[Brief]
I would like you to transcribe all of the data exactly.
──────── Study material ────────
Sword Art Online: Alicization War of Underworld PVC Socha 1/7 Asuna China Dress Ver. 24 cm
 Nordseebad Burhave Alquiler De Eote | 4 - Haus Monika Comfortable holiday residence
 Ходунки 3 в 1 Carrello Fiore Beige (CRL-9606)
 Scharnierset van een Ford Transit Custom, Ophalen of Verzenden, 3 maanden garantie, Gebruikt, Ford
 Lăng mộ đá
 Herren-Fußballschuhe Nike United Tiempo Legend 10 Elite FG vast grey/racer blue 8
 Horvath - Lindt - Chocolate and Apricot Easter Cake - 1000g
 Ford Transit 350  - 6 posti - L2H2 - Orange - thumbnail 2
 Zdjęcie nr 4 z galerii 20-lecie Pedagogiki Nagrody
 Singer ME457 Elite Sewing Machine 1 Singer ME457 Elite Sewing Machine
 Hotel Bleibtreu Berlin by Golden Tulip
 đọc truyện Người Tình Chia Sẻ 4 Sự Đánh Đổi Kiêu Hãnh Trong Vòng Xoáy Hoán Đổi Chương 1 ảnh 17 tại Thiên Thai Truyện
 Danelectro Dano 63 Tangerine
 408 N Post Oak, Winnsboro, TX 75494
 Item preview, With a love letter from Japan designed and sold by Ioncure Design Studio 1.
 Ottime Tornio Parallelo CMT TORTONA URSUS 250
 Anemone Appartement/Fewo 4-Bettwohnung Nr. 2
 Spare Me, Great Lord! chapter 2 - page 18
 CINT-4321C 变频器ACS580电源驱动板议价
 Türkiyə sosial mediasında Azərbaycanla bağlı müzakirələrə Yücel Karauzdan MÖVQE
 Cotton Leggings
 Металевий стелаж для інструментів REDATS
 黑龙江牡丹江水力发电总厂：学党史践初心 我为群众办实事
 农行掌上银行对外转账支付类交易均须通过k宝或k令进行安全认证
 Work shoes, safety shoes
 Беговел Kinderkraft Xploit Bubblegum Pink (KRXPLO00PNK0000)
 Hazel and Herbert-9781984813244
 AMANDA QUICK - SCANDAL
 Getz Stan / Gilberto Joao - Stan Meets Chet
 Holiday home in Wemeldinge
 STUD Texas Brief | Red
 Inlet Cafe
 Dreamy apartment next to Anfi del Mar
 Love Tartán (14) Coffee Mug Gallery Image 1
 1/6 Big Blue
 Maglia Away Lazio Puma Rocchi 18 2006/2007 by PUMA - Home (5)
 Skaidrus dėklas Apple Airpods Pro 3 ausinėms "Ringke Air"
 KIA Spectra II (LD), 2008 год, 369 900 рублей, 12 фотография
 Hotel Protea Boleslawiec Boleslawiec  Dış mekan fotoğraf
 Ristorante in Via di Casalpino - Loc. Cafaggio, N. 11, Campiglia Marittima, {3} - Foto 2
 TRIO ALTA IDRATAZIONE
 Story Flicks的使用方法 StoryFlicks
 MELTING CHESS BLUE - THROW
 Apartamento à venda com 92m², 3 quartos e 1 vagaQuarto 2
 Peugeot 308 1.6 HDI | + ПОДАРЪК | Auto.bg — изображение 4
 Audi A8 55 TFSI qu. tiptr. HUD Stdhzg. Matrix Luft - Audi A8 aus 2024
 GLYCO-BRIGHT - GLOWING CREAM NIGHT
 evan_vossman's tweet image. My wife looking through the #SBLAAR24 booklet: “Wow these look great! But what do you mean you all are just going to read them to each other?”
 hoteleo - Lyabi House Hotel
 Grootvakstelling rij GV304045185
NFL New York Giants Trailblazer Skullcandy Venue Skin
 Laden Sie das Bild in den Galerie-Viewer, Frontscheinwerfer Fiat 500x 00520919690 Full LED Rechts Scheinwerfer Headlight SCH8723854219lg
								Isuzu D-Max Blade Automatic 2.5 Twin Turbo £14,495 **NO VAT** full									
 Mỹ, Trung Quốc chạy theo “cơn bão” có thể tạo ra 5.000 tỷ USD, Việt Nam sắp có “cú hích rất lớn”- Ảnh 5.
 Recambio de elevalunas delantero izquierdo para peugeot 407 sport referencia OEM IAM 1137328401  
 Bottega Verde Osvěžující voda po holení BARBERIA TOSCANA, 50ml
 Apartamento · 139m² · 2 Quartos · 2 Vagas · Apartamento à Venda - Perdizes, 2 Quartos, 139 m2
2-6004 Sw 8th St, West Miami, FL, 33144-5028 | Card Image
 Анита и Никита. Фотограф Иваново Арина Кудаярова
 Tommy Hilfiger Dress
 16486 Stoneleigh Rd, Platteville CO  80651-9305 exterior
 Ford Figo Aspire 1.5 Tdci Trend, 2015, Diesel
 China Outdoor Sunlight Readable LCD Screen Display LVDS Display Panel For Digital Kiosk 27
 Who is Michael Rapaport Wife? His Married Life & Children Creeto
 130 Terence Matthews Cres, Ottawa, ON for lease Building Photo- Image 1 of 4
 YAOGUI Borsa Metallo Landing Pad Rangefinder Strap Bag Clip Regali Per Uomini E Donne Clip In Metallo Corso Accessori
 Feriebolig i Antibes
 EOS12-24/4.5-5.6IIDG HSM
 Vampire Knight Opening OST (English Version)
────────
[Response area]
Sword Art Online: Alicization War of Underworld PVC Socha 1/7 Asuna China Dress Ver. 24 cm
 Nordseebad Burhave Alquiler De Eote | 4 - Haus Monika Comfortable holiday residence
 Ходунки 3 в 1 Carrello Fiore Beige (CRL-9606)
 Scharnierset van een Ford Transit Custom, Ophalen of Verzenden, 3 maanden garantie, Gebruikt, Ford
 Lăng mộ đá
 Herren-Fußballschuhe Nike United Tiempo Legend 10 Elite FG vast grey/racer blue 8
 Horvath - Lindt - Chocolate and Apricot Easter Cake - 1000g
 Ford Transit 350  - 6 posti - L2H2 - Orange - thumbnail 2
 Zdjęcie nr 4 z galerii 20-lecie Pedagogiki Nagrody
 Singer ME457 Elite Sewing Machine 1 Singer ME457 Elite Sewing Machine
 Hotel Bleibtreu Berlin by Golden Tulip
 đọc truyện Người Tình Chia Sẻ 4 Sự Đánh Đổi Kiêu Hãnh Trong Vòng Xoáy Hoán Đổi Chương 1 ảnh 17 tại Thiên Thai Truyện
 Danelectro Dano 63 Tangerine
 408 N Post Oak, Winnsboro, TX 75494
 Item preview, With a love letter from Japan designed and sold by Ioncure Design Studio 1.
 Ottime Tornio Parallelo CMT TORTONA URSUS 250
 Anemone Appartement/Fewo 4-Bettwohnung Nr. 2
 Spare Me, Great Lord! chapter 2 - page 18
 CINT-4321C 变频器ACS580电源驱动板议价
 Türkiyə sosial mediasında Azərbaycanla bağlı müzakirələrə Yücel Karauzdan MÖVQE
 Cotton Leggings
 Металевий стелаж для інструментів REDATS
 黑龙江牡丹江水力发电总厂：学党史践初心 我为群众办实事
 农行掌上银行对外转账支付类交易均须通过k宝或k令进行安全认证
 Work shoes, safety shoes
 Беговел Kinderkraft Xploit Bubblegum Pink (KRXPLO00PNK0000)
 Hazel and Herbert-9781984813244
 AMANDA QUICK - SCANDAL
 Getz Stan / Gilberto Joao - Stan Meets Chet
 Holiday home in Wemeldinge
 STUD Texas Brief | Red
 Inlet Cafe
 Dreamy apartment next to Anfi del Mar
 Love Tartán (14) Coffee Mug Gallery Image 1
 1/6 Big Blue
 Maglia Away Lazio Puma Rocchi 18 2006/2007 by PUMA - Home (5)
 Skaidrus dėklas Apple Airpods Pro 3 ausinėms "Ringke Air"
 KIA Spectra II (LD), 2008 год, 369 900 рублей, 12 фотография
 Hotel Protea Boleslawiec Boleslawiec  Dış mekan fotoğraf
 Ristorante in Via di Casalpino - Loc. Cafaggio, N. 11, Campiglia Marittima, {3} - Foto 2
 TRIO ALTA IDRATAZIONE
 Story Flicks的使用方法 StoryFlicks
 MELTING CHESS BLUE - THROW
 Apartamento à venda com 92m², 3 quartos e 1 vagaQuarto 2
 Peugeot 308 1.6 HDI | + ПОДАРЪК | Auto.bg — изображение 4
 Audi A8 55 TFSI qu. tiptr. HUD Stdhzg. Matrix Luft - Audi A8 aus 2024
 GLYCO-BRIGHT - GLOWING CREAM NIGHT
 evan_vossman's tweet image. My wife looking through the #SBLAAR24 booklet: “Wow these look great! But what do you mean you all are just going to read them to each other?”
 hoteleo - Lyabi House Hotel
 Grootvakstelling rij GV304045185
NFL New York Giants Trailblazer Skullcandy Venue Skin
 Laden Sie das Bild in den Galerie-Viewer, Frontscheinwerfer Fiat 500x 00520919690 Full LED Rechts Scheinwerfer Headlight SCH8723854219lg
								Isuzu D-Max Blade Automatic 2.5 Twin Turbo £14,495 **NO VAT** full									
 Mỹ, Trung Quốc chạy theo “cơn bão” có thể tạo ra 5.000 tỷ USD, Việt Nam sắp có “cú hích rất lớn”- Ảnh 5.
 Recambio de elevalunas delantero izquierdo para peugeot 407 sport referencia OEM IAM 1137328401  
 Bottega Verde Osvěžující voda po holení BARBERIA TOSCANA, 50ml
 Apartamento · 139m² · 2 Quartos · 2 Vagas · Apartamento à Venda - Perdizes, 2 Quartos, 139 m2
2-6004 Sw 8th St, West Miami, FL, 33144-5028 | Card Image
 Анита и Никита. Фотограф Иваново Арина Кудаярова
 Tommy Hilfiger Dress
 16486 Stoneleigh Rd, Platteville CO  80651-9305 exterior
 Ford Figo Aspire 1.5 Tdci Trend, 2015, Diesel
 China Outdoor Sunlight Readable LCD Screen Display LVDS Display Panel For Digital Kiosk 27
 Who is Michael Rapaport Wife? His Married Life & Children Creeto
 130 Terence Matthews Cres, Ottawa, ON for lease Building Photo- Image 1 of 4
 YAOGUI Borsa Metallo Landing Pad Rangefinder Strap Bag Clip Regali Per Uomini E Donne Clip In Metallo Corso Accessori
 Feriebolig i Antibes
 EOS12-24/4.5-5.6IIDG HSM
 Vampire Knight Opening OST (English Version)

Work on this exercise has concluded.